In the News June 9
Consequences of Concentration of Wealth and Power in Fewer Hands
Revolving Door of Ruling Elite Between Government and Big Business
Ben Parfitt, writing in Policynote in April, reveals once again the revolving door for members of the ruling elite between big corporations and government. BC’s Ministry of Forests announced on April 4, the province’s chief forester, Diane Nicholls, would be leaving government services for a senior executive position with Drax Group, a forest/energy monopoly headquartered in the UK. The announcement means the most senior government official in charge of regulating activities in the forest industry had accepted an executive position with a dominant and controversial company in that very same sector.
Rick Manwaring, the NDP government forest ministry’s deputy minister announced in an April 4 email to colleagues, “Diane is leaving us to further her work in sustainable forestry in the private sector in the role of VP Sustainability for North America with Drax.” As you know, Manwaring continued, “[Drax] is a United Kingdom-based energy, carbon capture and pellet company and is establishing its presence in both the U.S. and Canada.”
The word “presence” obscures the reality that Drax is yet another global corporate fiefdom sucking profits from BC’s forests, most of which are on public land and supposedly for the benefit of the people, and in fact rightfully belong to Indigenous nations.
Ben Parfitt points out three features about Drax that Manwaring fails to say:
“1. Drax operates the world’s largest wood-fired thermal electricity plant, a UK-based operation that consumes an astronomical 10 million tonnes of wood pellets a year. Since the UK’s forests are entirely incapable of producing enough wood to satisfy the plant’s needs, Drax must get all its critical raw material from elsewhere.
“2. Almost one year ago, Drax established a near-monopoly in BC when it bought up the assets of Pinnacle Renewable Energy, thereby gaining full or partial control of half the province’s wood pellet mills. In just its first year of gaining that dominant position, its share of wood pellets exported from BC skyrocketed.
“3. Drax claims that the wood pellets it burns come from ‘residual’ sources, in particular the massive amounts of wood chips created at lumber mills when round logs are converted to rectangular lumber products. But in truth, massive numbers of whole trees are being ground directly into wood pellets at BC pellet mills owned by Drax, accelerating deforestation in a province running short of trees to cut down. Worse, wood pellet making generates very few direct jobs while making a product that is then burned at significant cost to our already seriously stressed climate.”
Parfitt continues, “Here’s something Manwaring didn’t say about Nicholls. Two years ago she chose to be in an industry-funded video extolling the virtues of wood pellets.

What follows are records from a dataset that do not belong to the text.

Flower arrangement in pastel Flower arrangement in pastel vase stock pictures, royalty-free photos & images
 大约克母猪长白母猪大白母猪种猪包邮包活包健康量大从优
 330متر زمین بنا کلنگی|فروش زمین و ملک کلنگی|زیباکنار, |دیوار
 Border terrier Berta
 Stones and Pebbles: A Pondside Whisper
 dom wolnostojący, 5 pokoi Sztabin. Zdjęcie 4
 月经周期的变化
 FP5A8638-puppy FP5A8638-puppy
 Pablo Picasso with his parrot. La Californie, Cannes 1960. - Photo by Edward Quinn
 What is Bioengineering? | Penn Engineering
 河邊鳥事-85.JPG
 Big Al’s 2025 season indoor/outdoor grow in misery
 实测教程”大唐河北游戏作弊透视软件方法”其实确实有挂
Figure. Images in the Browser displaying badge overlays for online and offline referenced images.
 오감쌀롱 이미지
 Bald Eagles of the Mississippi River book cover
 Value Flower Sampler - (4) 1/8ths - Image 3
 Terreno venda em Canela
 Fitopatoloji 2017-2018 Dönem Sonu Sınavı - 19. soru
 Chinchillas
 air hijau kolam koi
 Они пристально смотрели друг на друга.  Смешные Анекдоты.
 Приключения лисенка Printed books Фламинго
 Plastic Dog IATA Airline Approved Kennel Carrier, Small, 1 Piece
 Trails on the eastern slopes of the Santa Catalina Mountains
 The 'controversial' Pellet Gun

“The video was produced by the Wood Pellet Association of Canada. In it, [then chief BC forester] Nicholls makes the same claims promoted by her future employer — that wood pellets are part of the ‘circular’ forest industry where wood waste from one operation becomes the critical feedstock for another.”
In the video, Nicholls says, “When you look at pellet production in British Columbia, it’s part of building that circular economy in the forest sector. It uses residuals from sawmill production that may not be used otherwise and it also is starting to use harvest residuals that we know is not being used currently. And that is a win, because it’s something that is an added value for the benefit of British Columbians.”
“Circular economy” has become yet another buzz word in industry similar to “greening.” They describe features that may or may not exist but which are meant to cover up the crucial issue facing the sector and country: the people who work in the industry, those who live in the territories affected along with the rightful owners of the land, the Indigenous nations, play no role or only a perfunctory part in deciding the sector’s activities or future. The people’s right to a say and to decide the direction of the economy is negated and words such as “circular” and “green” are a smokescreen to obscure the root problem the people face: their lack of control over those things that affect their lives.
Parfitt writes, “But what Nicholls says next is most telling: ‘What I see the pellet producers doing is opening our minds in BC by utilizing parts of the tree that currently aren’t necessarily used always. And being able to find a manufacturing potential for that fibre and find a market for that manufactured product as in pellets and be able to add value to the economy of British Columbia, without impacting how much we harvest in any way, shape or form.'”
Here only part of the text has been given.